**THE PROBLEM**
The answer must be an exact copy of the lines from the one with "Women'S New Arrival" through the final line of the records below, with no pictures.

**Saved data entries**

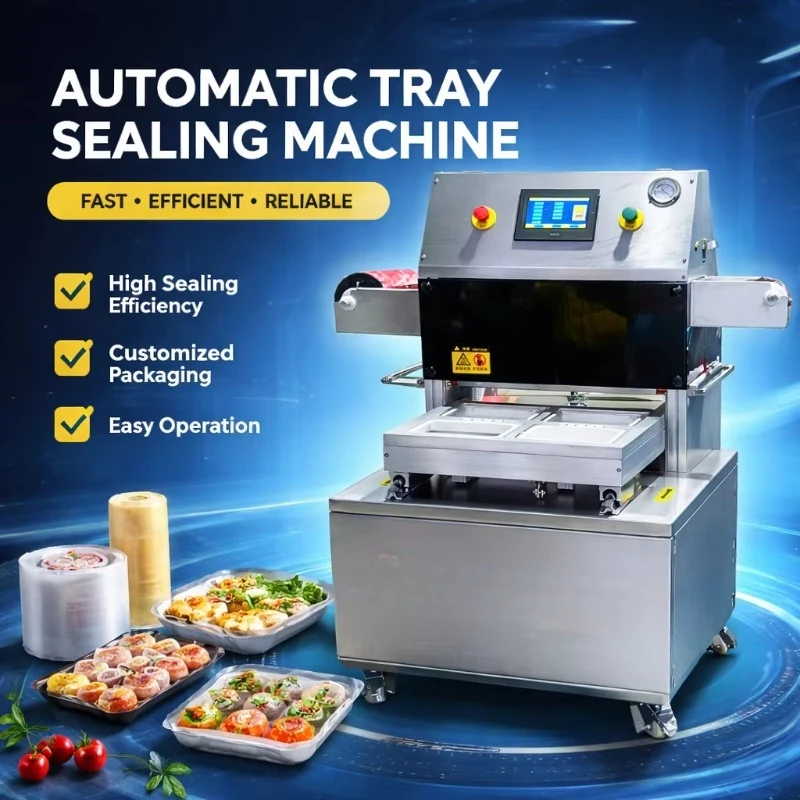 Commercial Automatic Food Tray Sealing Machine MAP Modified Atmosphere Packaging Foil for Ready Meals Meat Customized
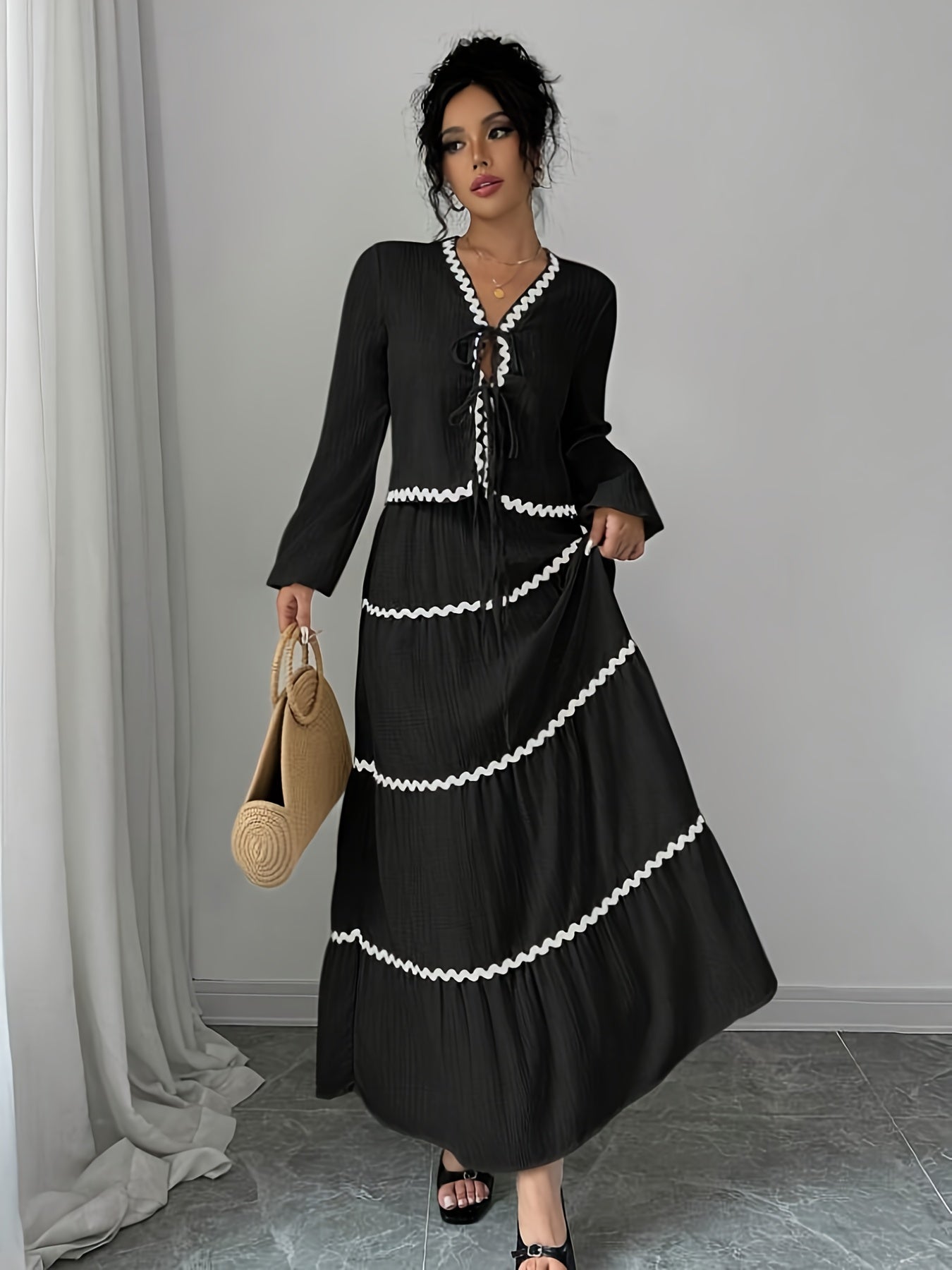 Women'S New Arrival Black and White Ruffled Lace Trim Long Sleeve Shirt with Tie Waist Umbrella Skirt Set, Stylish Elegant Vacation Commute Daily Wear Date Party Two-Piece Outfit Suitable for All Seasons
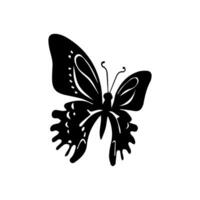 mariposas acortar Arte recopilación. mano dibujado diseño elementos para saludo tarjetas, carteles, logo, etiquetas, etiquetas, álbum de recortes, Boda invitaciones monocromo mariposas vector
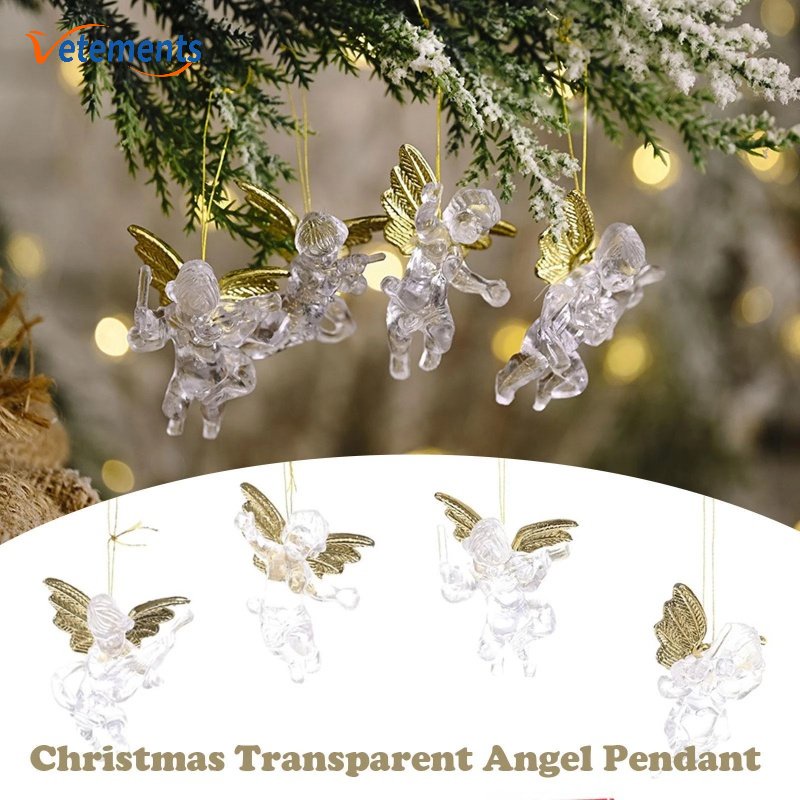 Bộ 4 Búp Bê Thiên Thần Trong Suốt Trang Trí Cây Thông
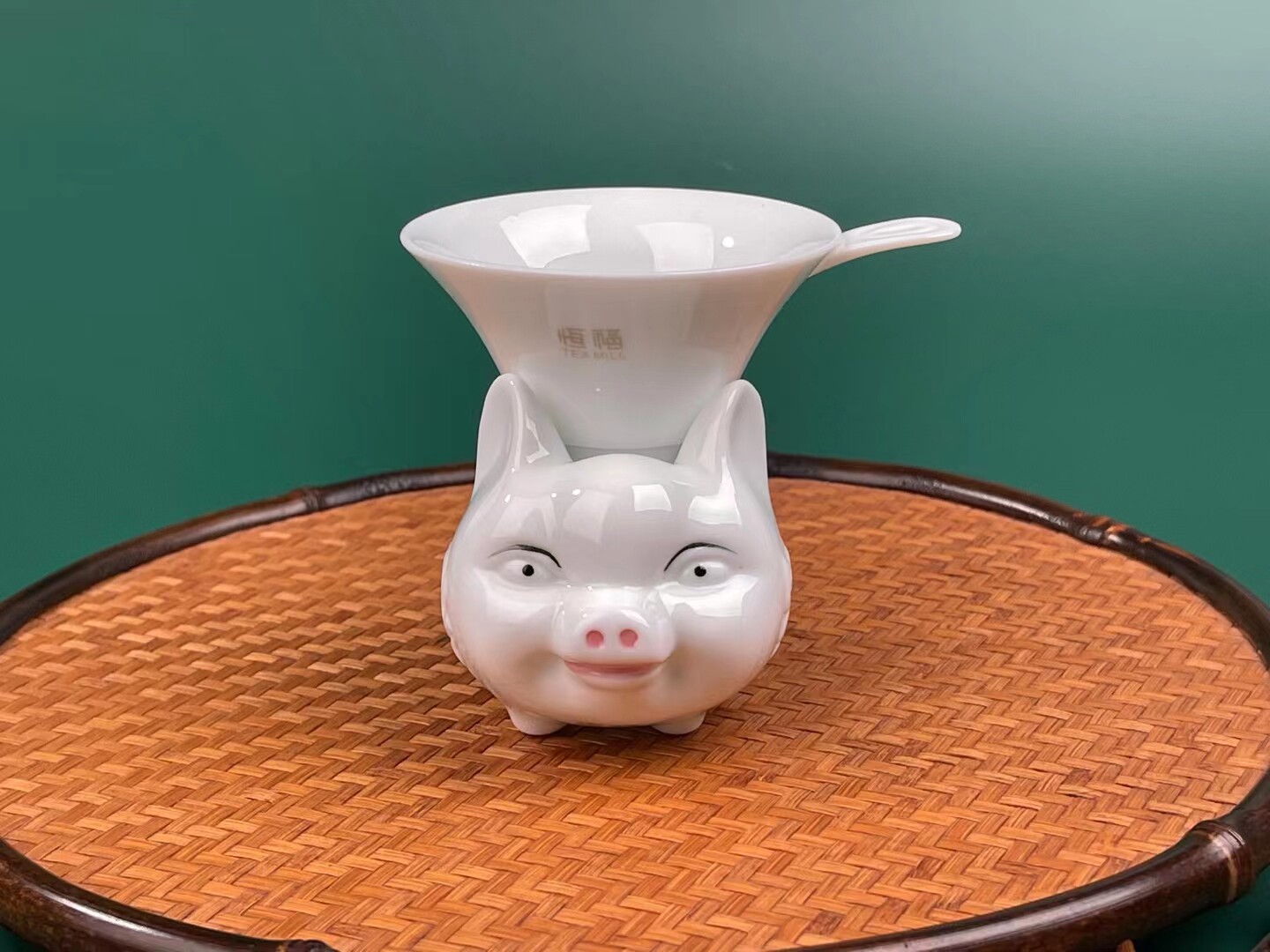 恒福陶瓷茶漏小猪过滤器创意可爱功夫茶具配件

**REPLY TO THE EXERCISE**
 Women'S New Arrival Black and White Ruffled Lace Trim Long Sleeve Shirt with Tie Waist Umbrella Skirt Set, Stylish Elegant Vacation Commute Daily Wear Date Party Two-Piece Outfit Suitable for All Seasons
 mariposas acortar Arte recopilación. mano dibujado diseño elementos para saludo tarjetas, carteles, logo, etiquetas, etiquetas, álbum de recortes, Boda invitaciones monocromo mariposas vector
 Bộ 4 Búp Bê Thiên Thần Trong Suốt Trang Trí Cây Thông
 恒福陶瓷茶漏小猪过滤器创意可爱功夫茶具配件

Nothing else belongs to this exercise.